**WHAT THE TASK ASKS:**
Once you find the line with "Sada 2 priehľadných" in the data below, transcribe exactly each line from there to the line with "Feux de Jour", inclusive, and nothing else. Drop the pictures.

**RECORD EXTRACTS:**
:::
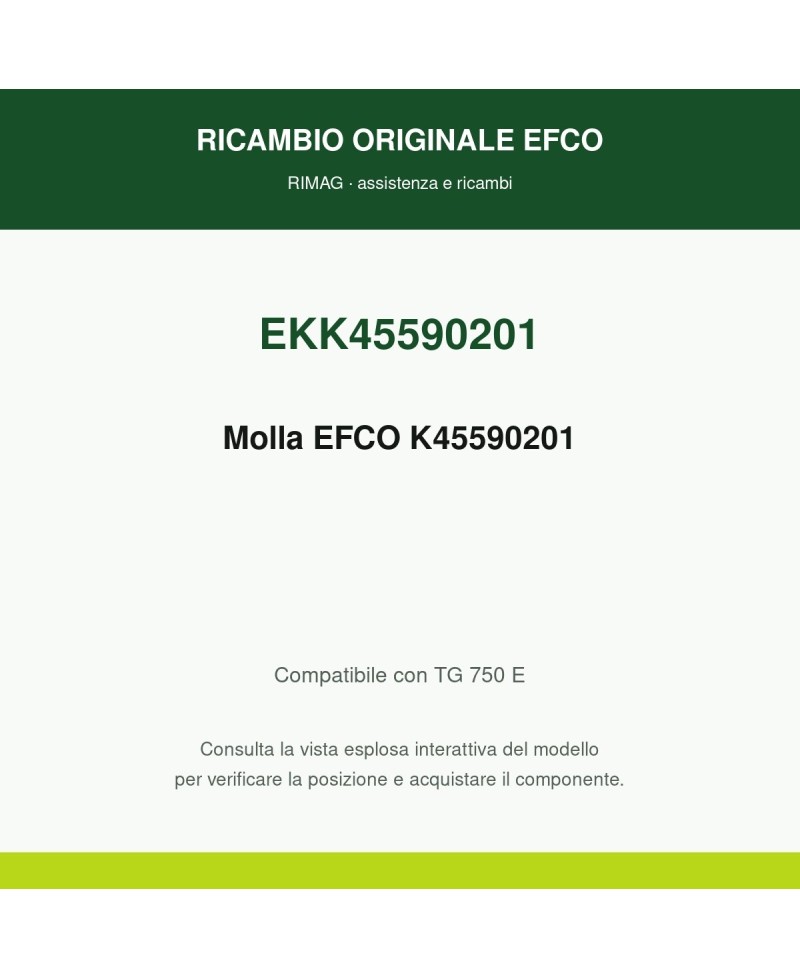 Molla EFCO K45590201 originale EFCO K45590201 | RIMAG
:::
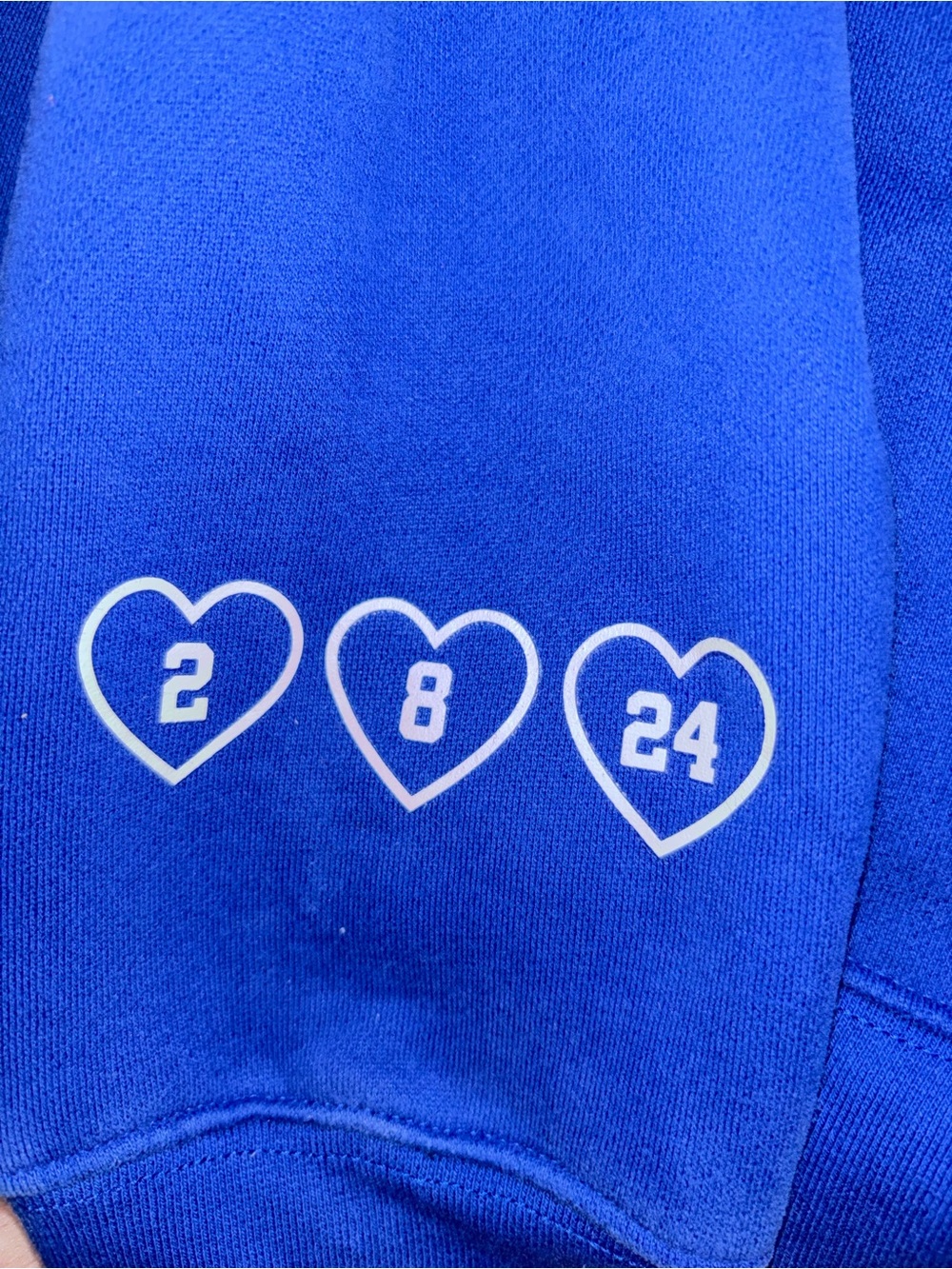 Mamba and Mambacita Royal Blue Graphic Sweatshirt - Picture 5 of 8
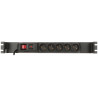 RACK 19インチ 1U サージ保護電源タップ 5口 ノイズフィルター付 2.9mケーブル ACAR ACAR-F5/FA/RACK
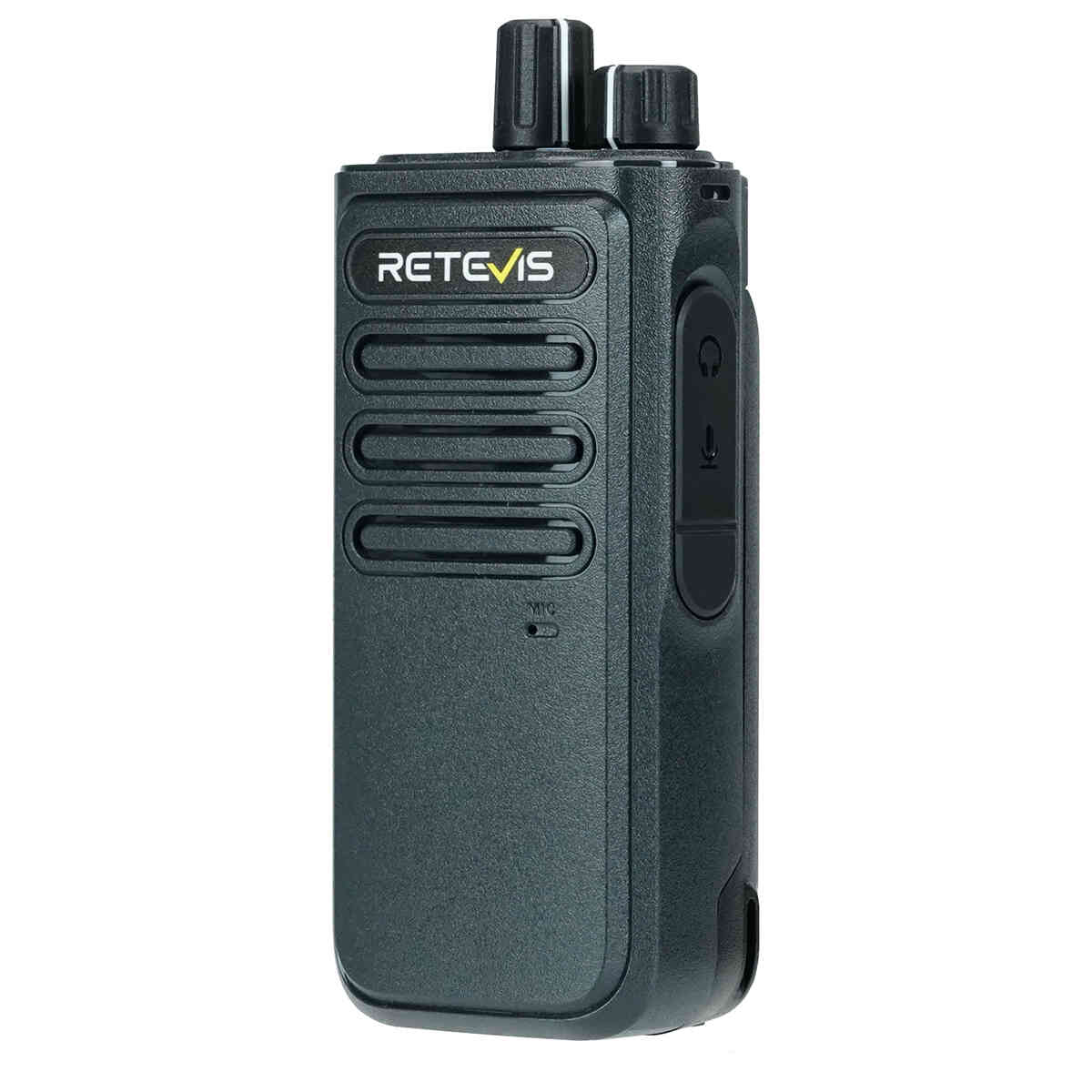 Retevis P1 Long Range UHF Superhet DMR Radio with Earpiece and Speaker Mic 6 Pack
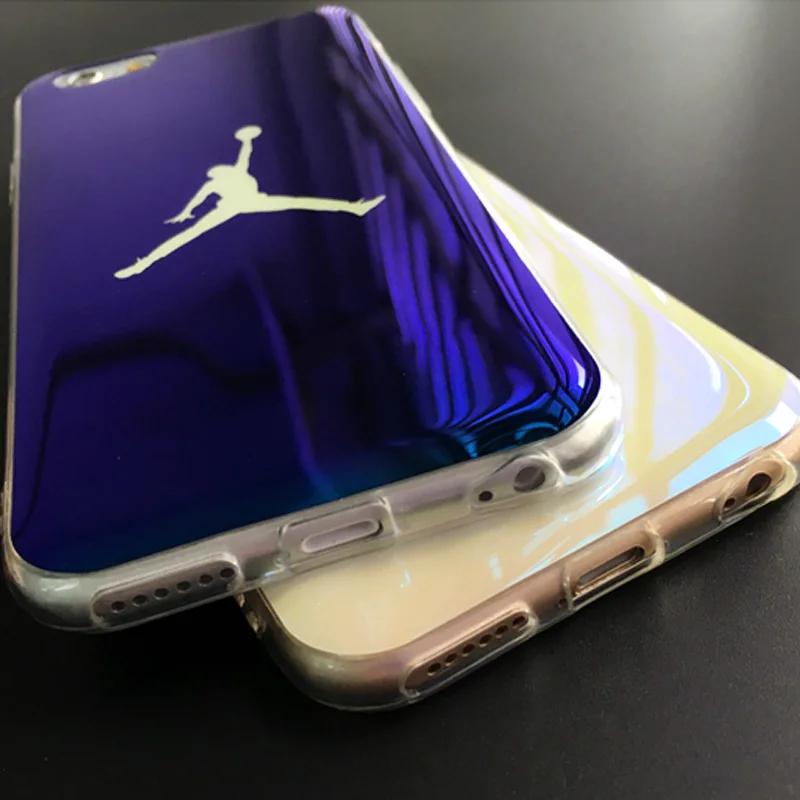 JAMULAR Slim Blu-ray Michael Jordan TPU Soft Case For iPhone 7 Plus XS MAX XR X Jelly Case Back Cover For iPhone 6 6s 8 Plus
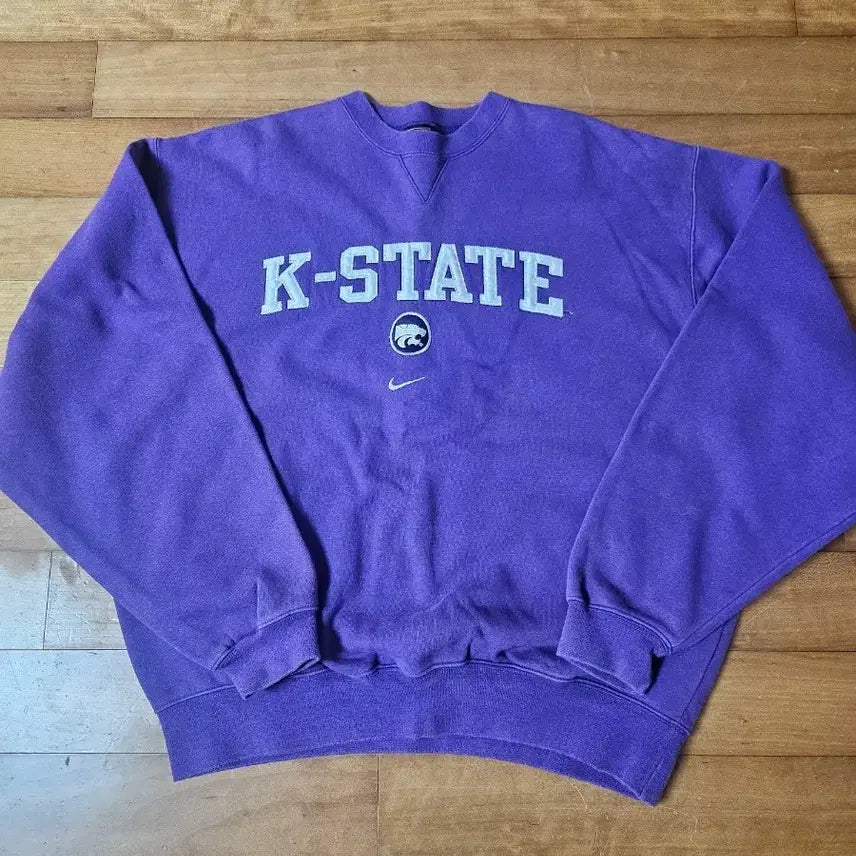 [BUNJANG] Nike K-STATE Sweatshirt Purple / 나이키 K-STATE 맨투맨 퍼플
:::
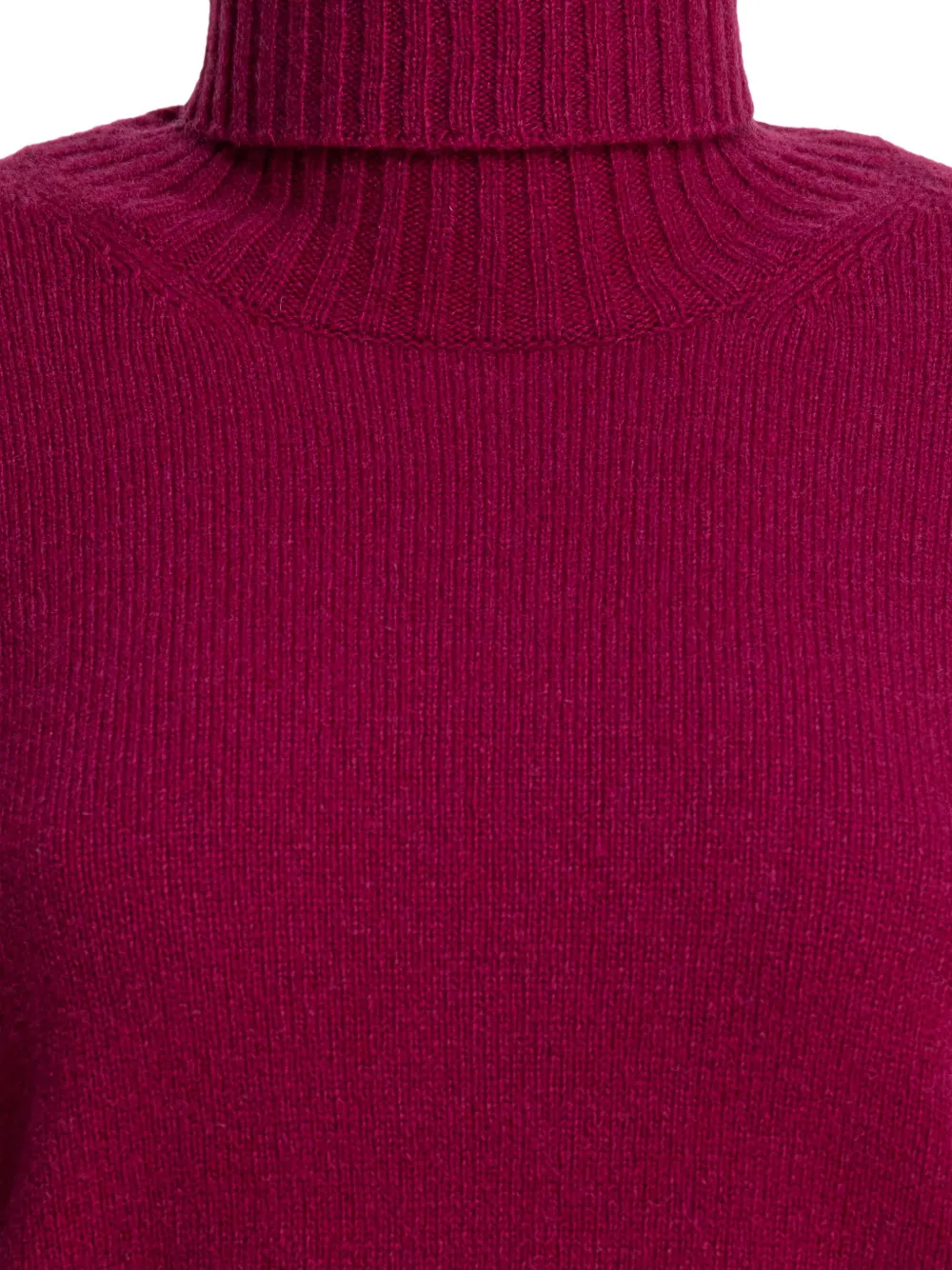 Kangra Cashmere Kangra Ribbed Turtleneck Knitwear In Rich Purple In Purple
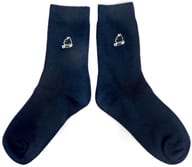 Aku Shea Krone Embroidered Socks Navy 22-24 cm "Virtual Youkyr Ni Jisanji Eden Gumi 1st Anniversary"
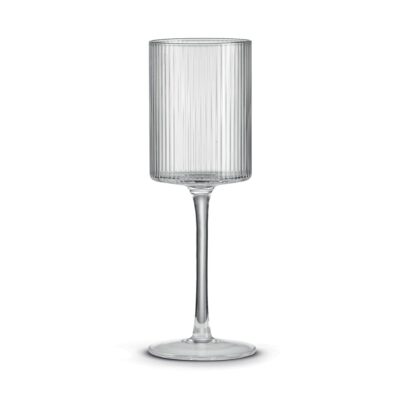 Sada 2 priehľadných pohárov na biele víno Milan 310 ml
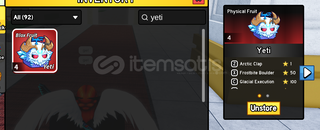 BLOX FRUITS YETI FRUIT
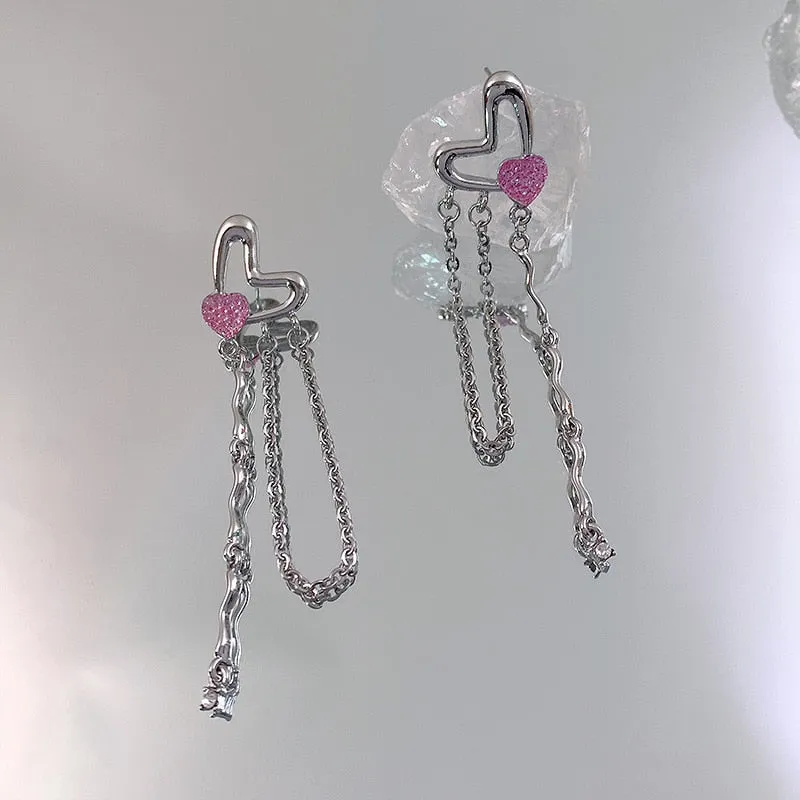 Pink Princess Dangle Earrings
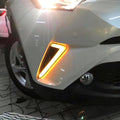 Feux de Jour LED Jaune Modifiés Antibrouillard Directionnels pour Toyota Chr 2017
:::
**SOLUTION TO THIS TASK:**
 Sada 2 priehľadných pohárov na biele víno Milan 310 ml
 BLOX FRUITS YETI FRUIT
 Pink Princess Dangle Earrings
 Feux de Jour LED Jaune Modifiés Antibrouillard Directionnels pour Toyota Chr 2017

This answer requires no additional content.